Tech

Reddit to Update Web Standard to Prevent Automated Data Scraping Amid AI Startup Concerns

Reddit updates its web standard to block automated data scraping from its website, aiming to prevent AI startups from bypassing the rule to gather content for their systems.

Nitish Verma

26 Jun 2024 02:55 EST

New Update

Social media giant Reddit has announced that it will update its web standard to block automated data scraping from its website, a move aimed at preventing AI startups from bypassing the rule to gather content for their systems. This decision comes at a time when artificial intelligence firms have been accused of plagiarizing content from publishers to create AI-generated summaries without giving credit or asking for permission.

The update will focus on the Robots Exclusion Protocol, or "robots.txt," a widely accepted standard meant to determine which parts of a site are allowed to be crawled.
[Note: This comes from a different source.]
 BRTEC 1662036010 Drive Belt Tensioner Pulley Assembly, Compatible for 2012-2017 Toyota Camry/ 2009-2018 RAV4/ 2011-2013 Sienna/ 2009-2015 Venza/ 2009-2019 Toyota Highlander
Reddit will also maintain rate-limiting, a technique used to control the number of requests from one particular entity, and will block unknown bots and crawlers from data scraping on its website.
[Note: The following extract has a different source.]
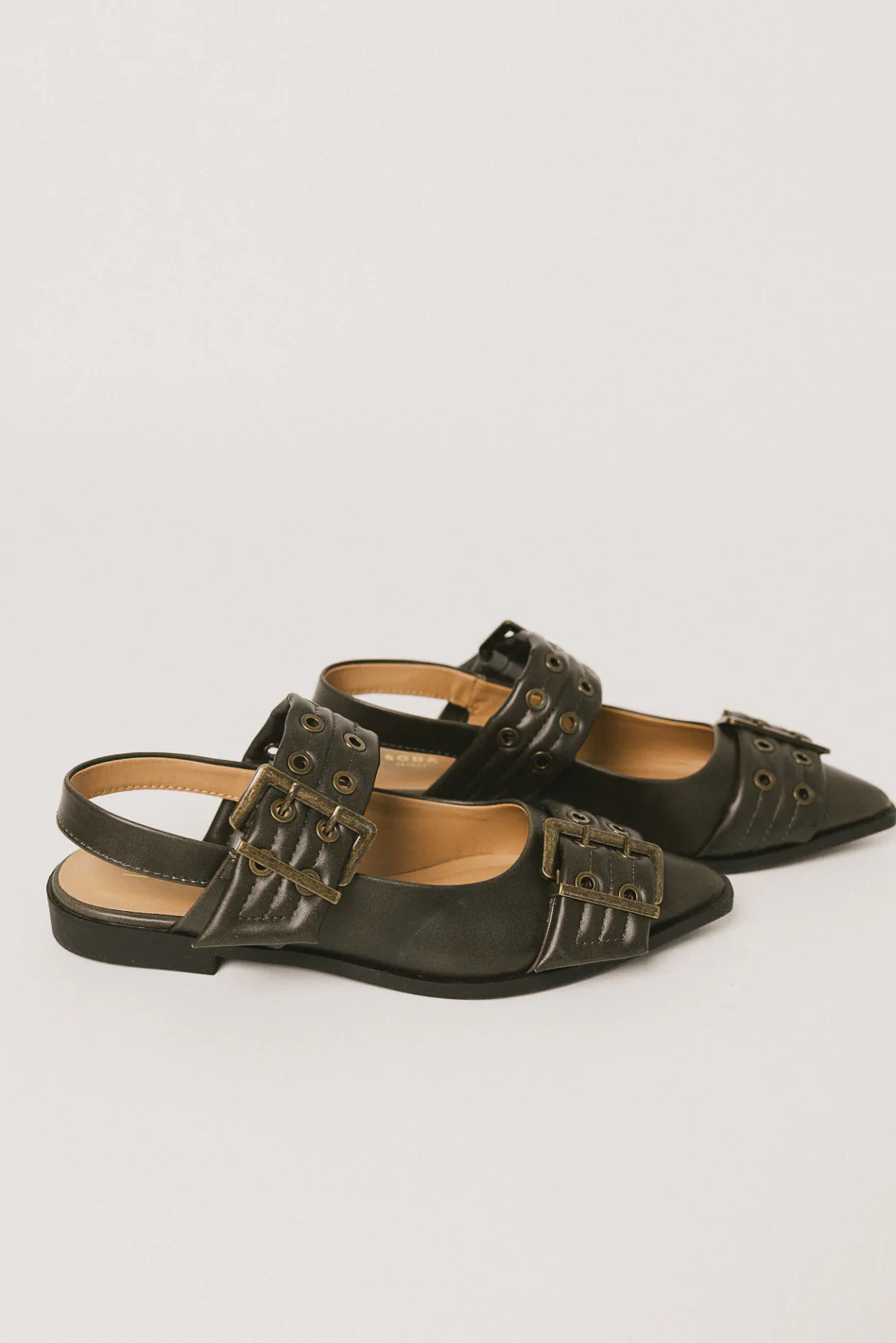 Zayne Slingback Flats - Image 4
Why it Matters : The move is significant, as it sets a precedent for other websites to follow in protecting their content from AI firms that bypass web standards to gather data. This update will help prevent the misuse of public content and ensure that AI companies abide by Reddit's terms and policies.

In recent weeks, there have been reports of AI companies circumventing the web standard to scrape publisher sites. A letter to publishers by the content licensing startup TollBit said that several AI firms were bypassing the rule to gather content. This follows a Wired investigation that found AI search startup Perplexity likely bypassed efforts to block its web crawler via robots.txt.
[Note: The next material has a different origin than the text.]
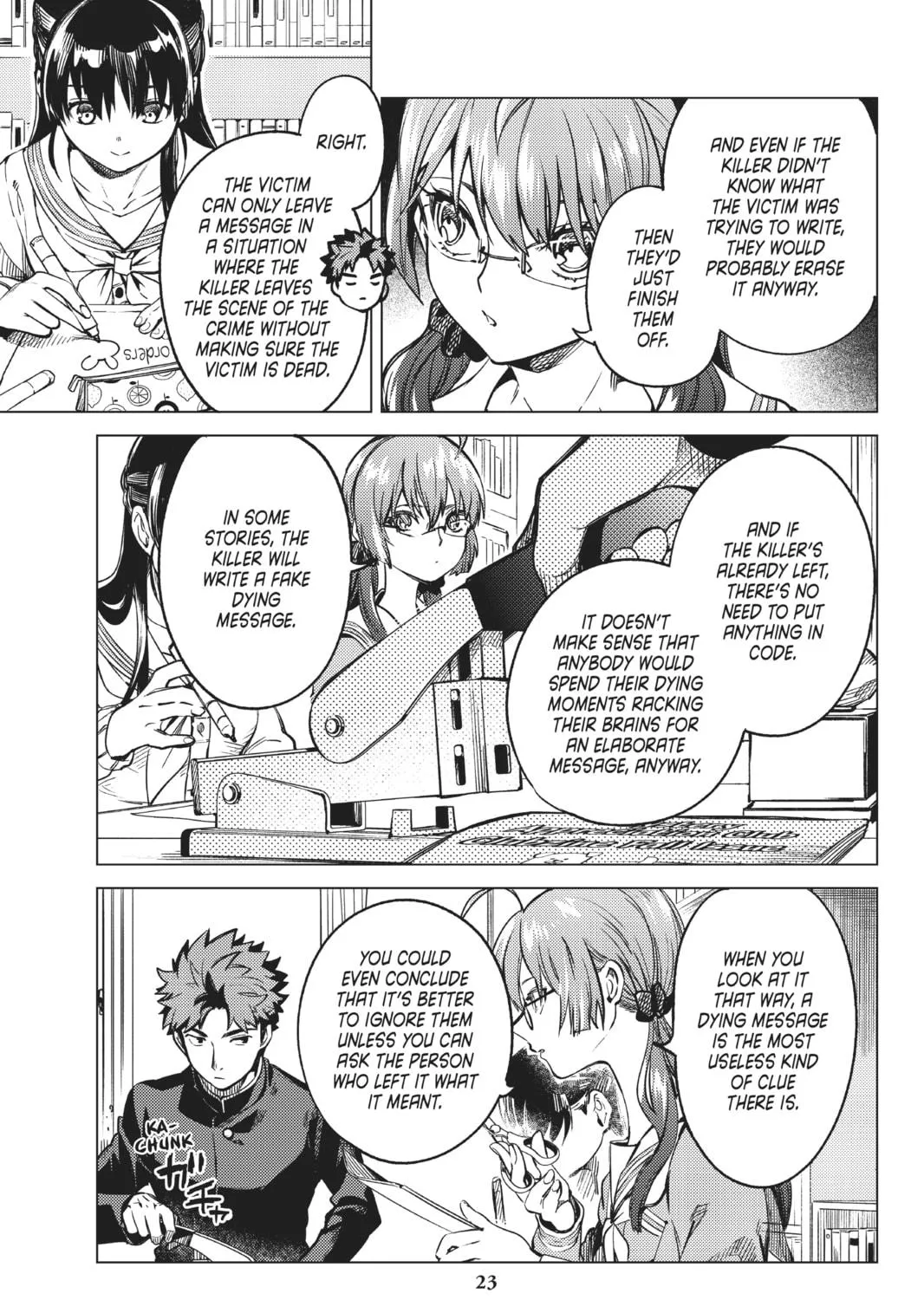 Read In/Spectre chapter 29 image 40 on Lezhin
Earlier in June, business media publisher Forbes accused Perplexity of plagiarizing its investigative stories for use in generative AI systems without giving credit. Reddit's update aims to prevent such instances of content misuse and ensure that AI companies respect the website's terms and policies.

Key Takeaways :

Reddit updates its web standard to block automated data scraping from its website.
The move aims to prevent AI startups from bypassing the rule to gather content for their systems.
Reddit will update its Robots Exclusion Protocol and maintain rate-limiting to control data scraping.
The update sets a precedent for other websites to protect their content from AI firms.
Reddit's move is a significant step in preventing the misuse of public content and ensuring AI companies respect website terms and policies.